We long to be more wise in hindsight of our own disasters, yet we still don’t always embrace that wisdom when a new situation presents itself that requires a do or don’t decision. Something that we want, that we know we want for the wrong reasons, despite our intuition and spiritual advancements.
Ah ‘reason’. That human ability to make right seem wrong, and wrong seem attractive. To work through a challenging situation and come out with just enough brownie points to tip the scales in your ‘favour’. Perhaps even for a while quieting that sick feeling that you might be acting like an idiot, and the worse feeling that you know you are.
We live (mostly) and learn (sometimes) from our mistakes. But sometimes you can be so aware that a potential upcoming decision is such a major fork in the road, that no amount of reason or thought arrangement, can quell that sick feeling. It’s not a matter of hurting animals or stealing money from an old lady, it’s just your future. The next how ever many years playing out either one way, or another. Both hold some happiness, but one holds more, and the freedom to be fully authentic.
Still, it’s possible no one else would know. You’ve been there before. Heck you probably still have the lines from the scenes the last time you played the role. All those other happy people, living their lives through work, family, kids, hobbies. How many of them read from their scripts everyday, blissfully unaware they have the wrong one. That they were born for a different role altogether. You were one of them, and you eventually hated it.
So why the reluctance to embrace the alternative path now? Is it because the script is partially unwritten so you are unsure how the story ends? But that’s the thing of being authentic in life, it doesn’t matter if you don’t really know what you are going to say or do tomorrow… In just being free to be you, what comes to you, is what’s right for you, and everyone else your life affects for the rest of their lives too.

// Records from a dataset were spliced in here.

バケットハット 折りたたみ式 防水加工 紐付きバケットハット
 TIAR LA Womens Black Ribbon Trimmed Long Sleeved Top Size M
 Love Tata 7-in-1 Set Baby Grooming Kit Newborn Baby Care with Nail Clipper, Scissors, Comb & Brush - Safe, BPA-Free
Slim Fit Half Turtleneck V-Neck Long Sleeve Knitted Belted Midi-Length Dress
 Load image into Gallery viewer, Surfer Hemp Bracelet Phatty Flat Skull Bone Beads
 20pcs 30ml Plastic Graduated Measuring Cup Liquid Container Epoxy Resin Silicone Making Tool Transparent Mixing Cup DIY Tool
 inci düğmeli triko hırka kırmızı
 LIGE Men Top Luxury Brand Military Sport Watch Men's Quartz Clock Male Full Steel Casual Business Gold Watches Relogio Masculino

It’s a little upside down. The more authentic and wise we are, the less road maps and scripts we need. In worrying about what we will do or say about right and wrong, we start to tie the hand intuition has in our everyday lives. In thinking more about the consequences, we use fear to shackle ourselves to doing the ‘right’ thing so we don’t get hurt or mostly ‘found out’. We need those scripts to feed ourselves, and we starve our inbuilt radars which are far more accurate in such matters.
Our openess and fearlessness of who we are without preconceptions or ego, provides us a blank slate of possibilities that are all perfect at the right time. Truly knowing right from wrong depends on it, as does the courage to choose the right path every time.
Although it does seem to me that the wiser we are, the less choices we have to make. Those paths that lead to “I told you so” don’t even show up on our GPS. They just don’t exist because we would never be tempted to choose them. Life can become a clear path when we focus on who we truly are and want to become. Our talents and gifts become real to us and we use them to bring joy to ourselves and others. We see the trees and flowers along the way, not the pitfalls and bear traps. The path becomes a country lane in the sun, not a bumpy road of noise and chaos.
It’s about focus. Not ‘what will happen if I do this?’ but ‘who am I?’ The latter solves a whole lot more than the former. Of course I do expect to say “I told you do” for many years to come. But maybe every year, I’ll shake my head at myself a little less.